To test heatsinks, we boot into Windows and let the system sit idle for 10 minutes, then measure temperatures. We then load the CPU cores to 100% using Prime95 for 20 minutes and then again measure the temperatures. This entire process is done twice and then averaged to avoid any minor discrepancies that might occur. Ambient temperatures are kept at 25?C, and Arctic Cooling MX-2 is used for the thermal interface material. CoreTemp was used to record all temperatures. Temperatures are reported to the nearest whole degree Celcius; anything less than one degree can be attributed to slight testing variances. Frankly, the tolerances at less than one degree are extremely minute for testing such as this. All throttling features in BIOS are disabled.
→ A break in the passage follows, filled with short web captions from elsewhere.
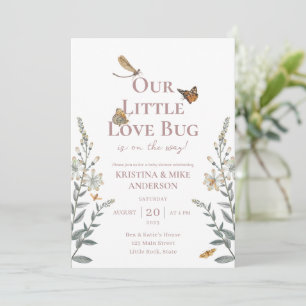 Invitation All in One Little Love Baby shower de bug Invitati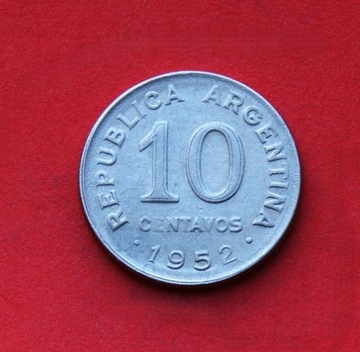 10 Centavos  1952 r  -  Argentyna  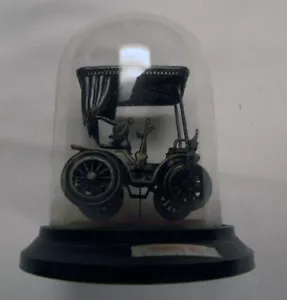 Peugeot 1892 Car in Glass Dome Case - Picture 1 of 2
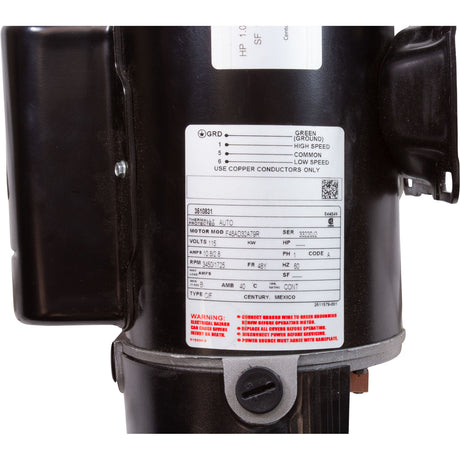 Pump, Aqua Flo XP2, 1.0hp Century, 115v, 2-Speed, 48 Frame, 2" : - Aqua Flo -  - PartsForSpas.com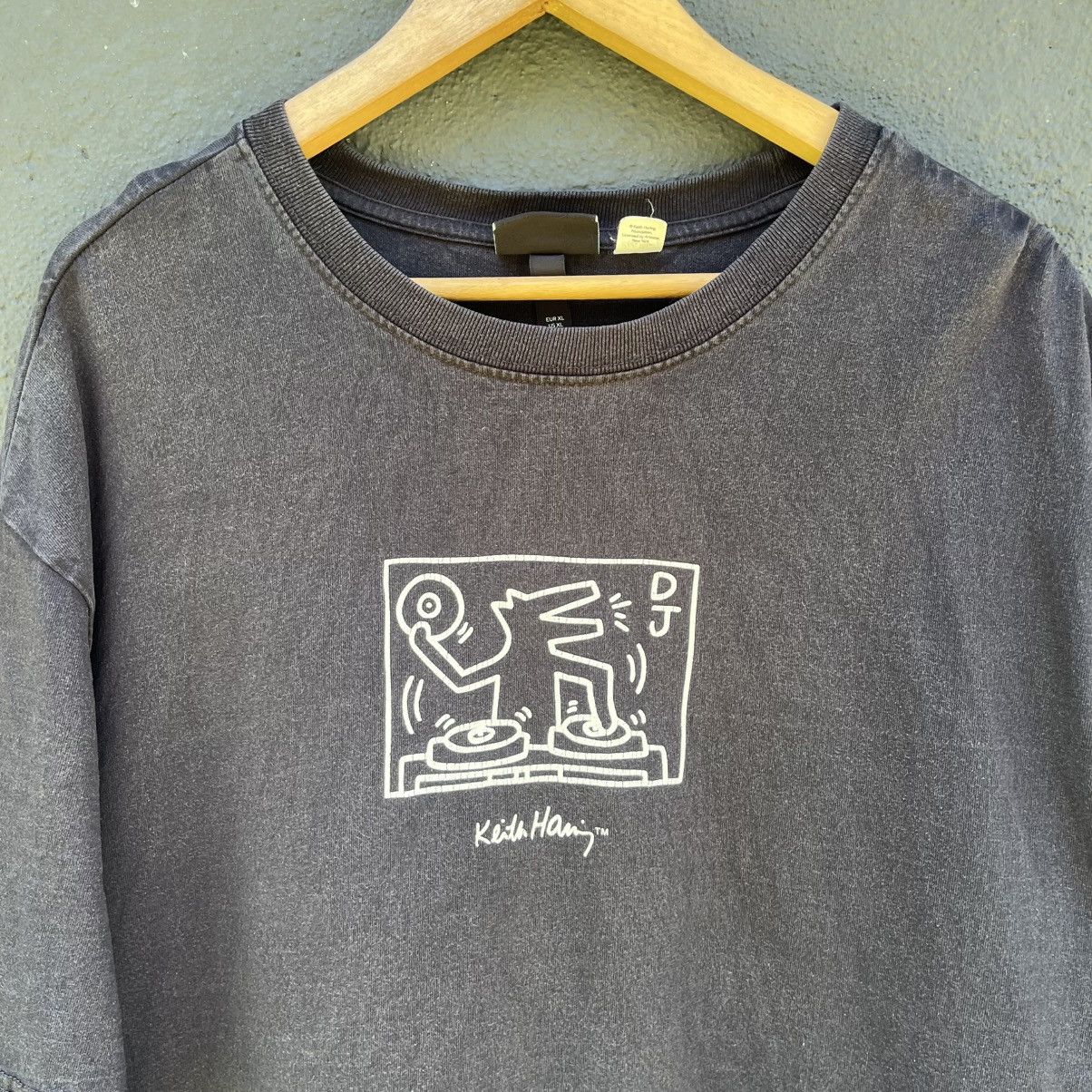 Keith Haring Thrashed Faded Vintage Keith Haring Erd Grunge Tee Size US XL / EU 56 / 4 - 4 Thumbnail
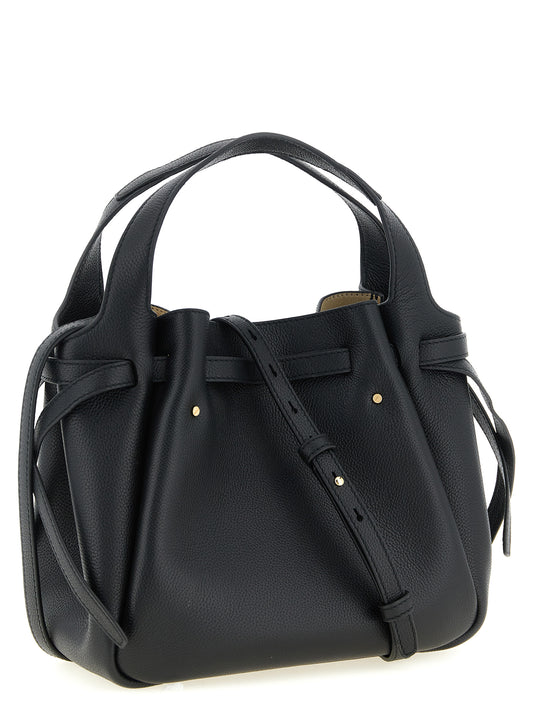 Tory Burch Black Cowhide Handbag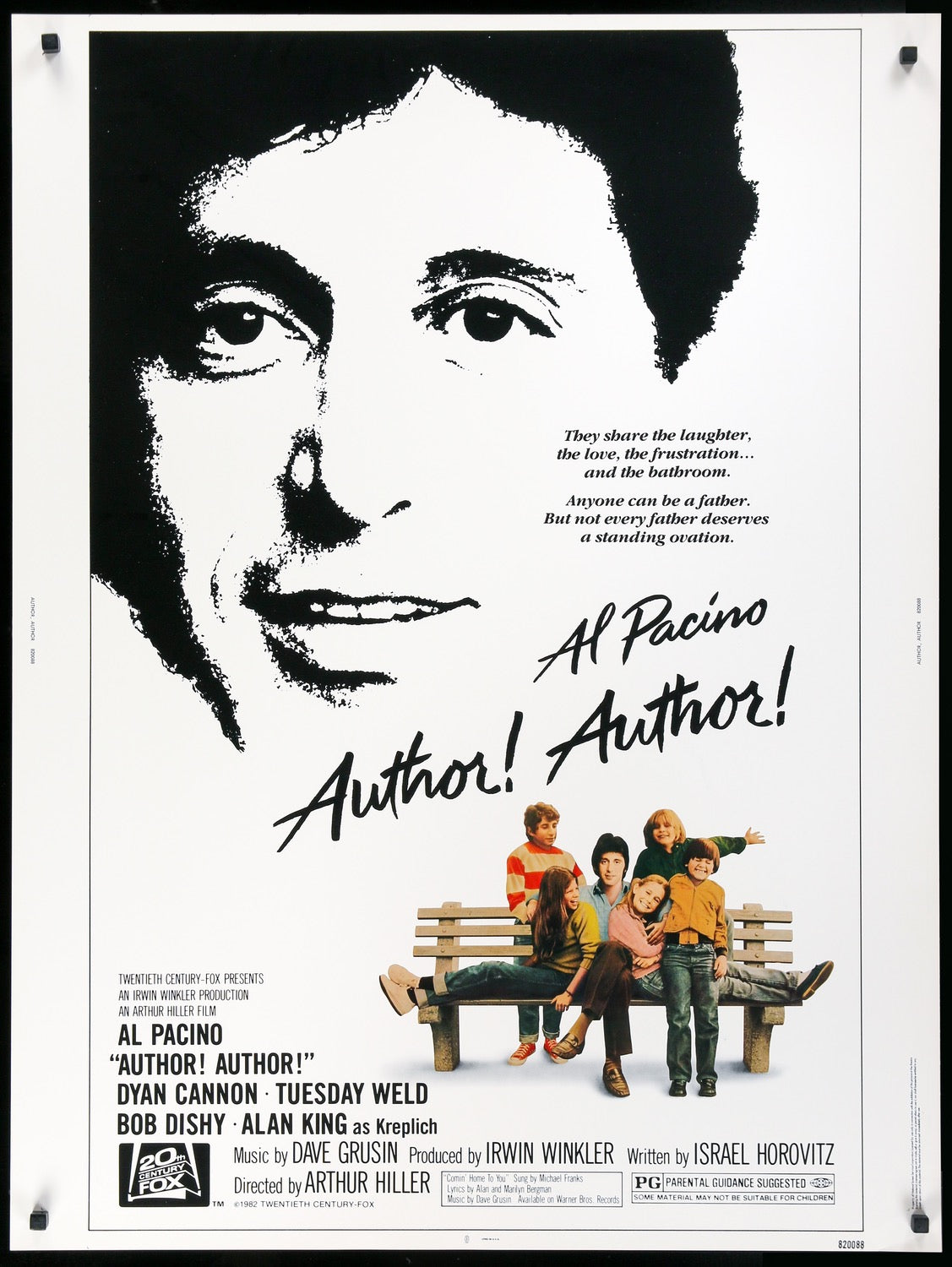 Author! Author! (1982) original movie poster for sale at Originalfilmart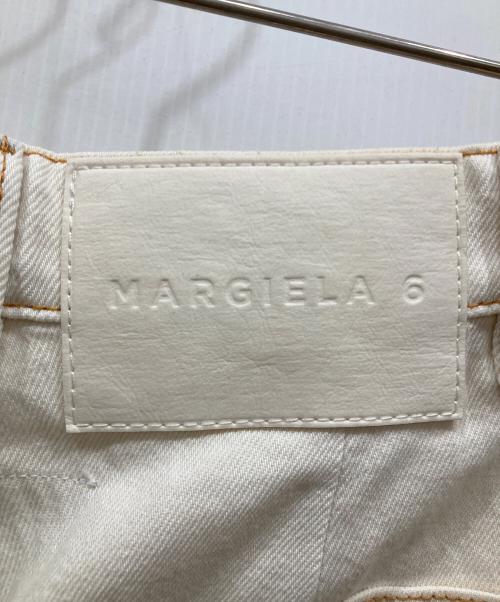MM6 Maison Margiela（エムエムシックスメゾンマルジェラ）MM6 Maison Margiela (エムエムシックスメゾンマルジェラ) SUPER BLEACH JEANS アイボリー サイズ:SIZE Mの古着・服飾アイテム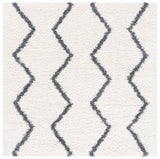 Safavieh Venus Shag 600 6'-7" x 6'-7" Rug in Ivory / Dark Grey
Our test platform and CPU of choice is LGA1156 with a Core i7 870 quad core CPU at 2.93GHz. Needless to say, this chip is a monster and will likely push the heatsinks to the limit in a passive cooling setup. We’re testing the HR-02 against two of the other top heatsinks on the market, the Noctua D14 and Prolimatech Megahalems. These are the only 3 coolers that should be able to passively cool this setup, so we didn’t bother including any other products; frankly, we know they’d fail.
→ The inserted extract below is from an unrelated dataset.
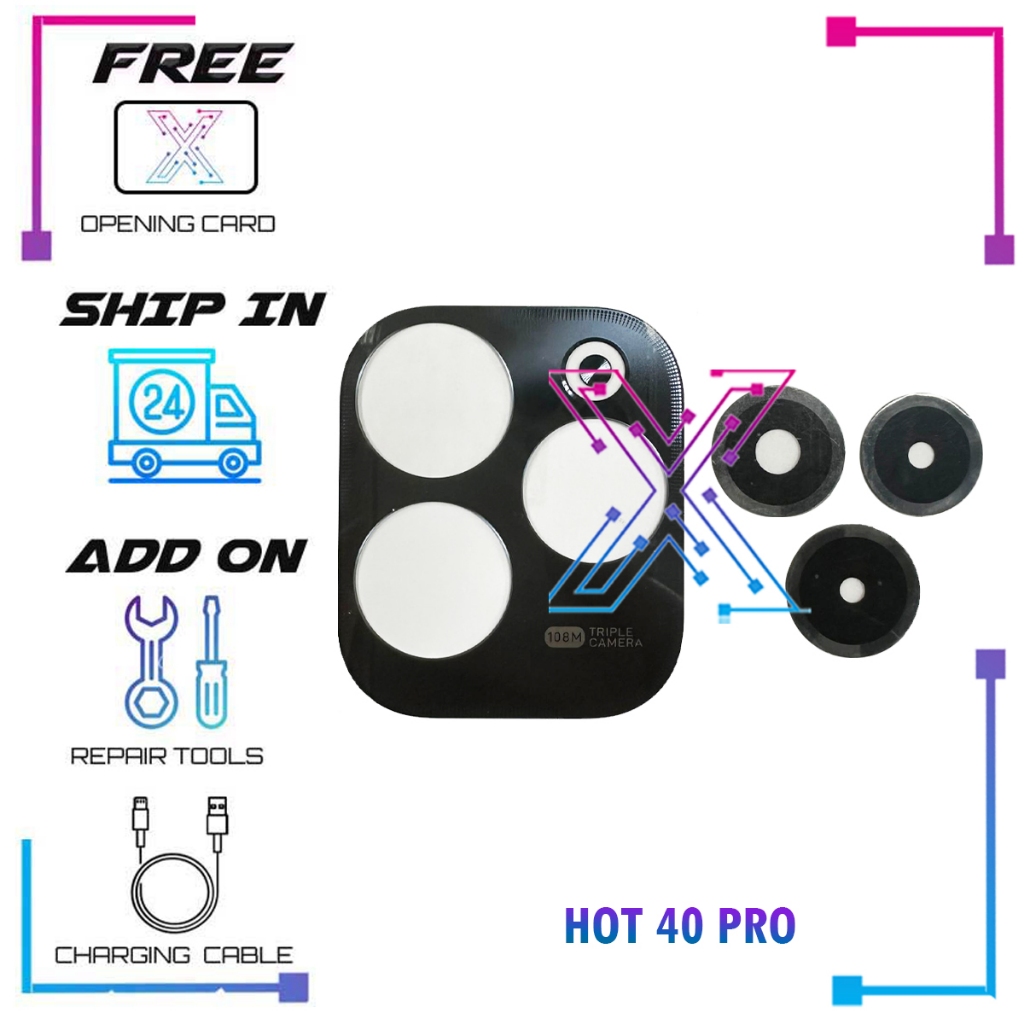 เลนส์กล้องสําหรับ Infinix Hot 40 PRO X6837 (Kaca Kamera)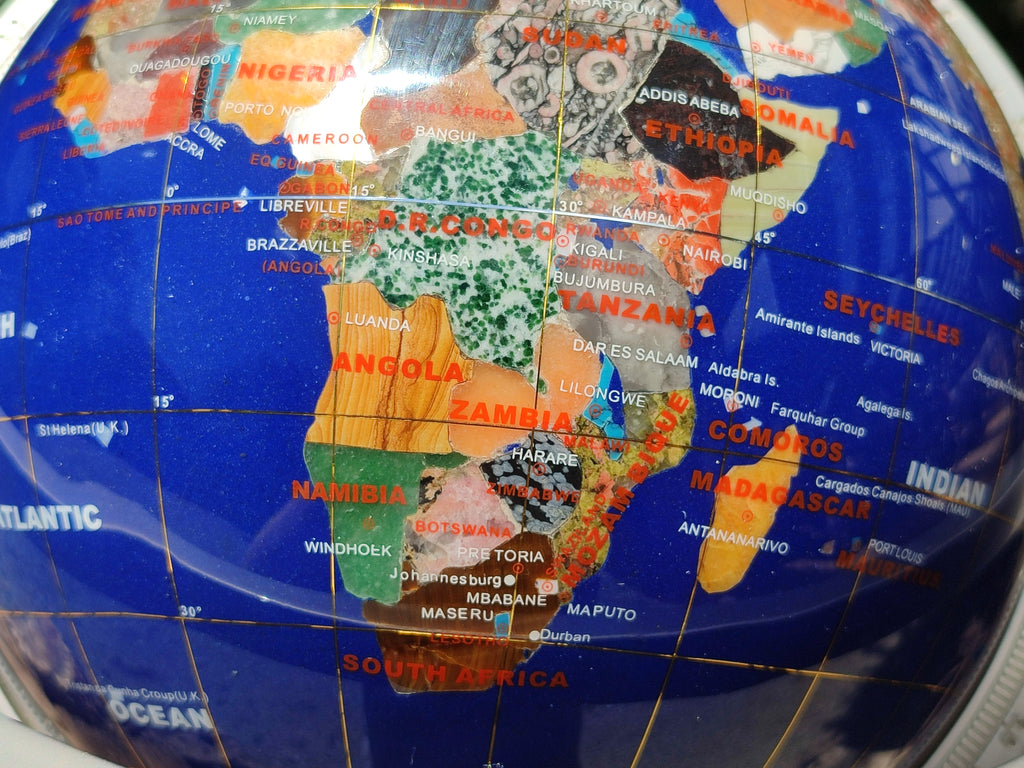 Polished Lapis Lazuli World Globe x 1 From China - Toprock Gemstones and Minerals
First up, we have the passive (fanless) cooling results:

As we can see, the HR-02 is doing well off the bat, sitting at the top of the pack in the passive setup. Even with the dual finned tower design, the Noctua D14 cannot match the performance of the Thermalright HR-02. As we suspected, the CPU is pushing these heatsinks to the limit, as the vaunted Prolimatech Megahalems failed the test and we had to stop before damaging the CPU beyond its safe limits.
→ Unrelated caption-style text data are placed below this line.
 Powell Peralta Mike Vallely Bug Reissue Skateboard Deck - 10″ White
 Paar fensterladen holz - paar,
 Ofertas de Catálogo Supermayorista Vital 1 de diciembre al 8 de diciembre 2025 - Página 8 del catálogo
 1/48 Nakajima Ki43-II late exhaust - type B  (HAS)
Next, we installed the TY-140mm fan on each heatsink to see how they fared with active cooling. Below are the results:

Here the temperatures drop significantly, but the HR-02 loses ground against the other two coolers. Our suspicion is the densely-packed fins on the Thermalright heatsink hindered the performance slightly. The TY-140 fan is not a high-output fan, and the higher fin density on the HR-02 was probably not well-suited, whereas the Noctua has lower fin density and a more open dual-tower design. The diference isn’t much though, and the HR-02 is one of the top heatsinks we’ve tested, but it will benefit much more from a higher-RPM fan if you want to go with active cooling.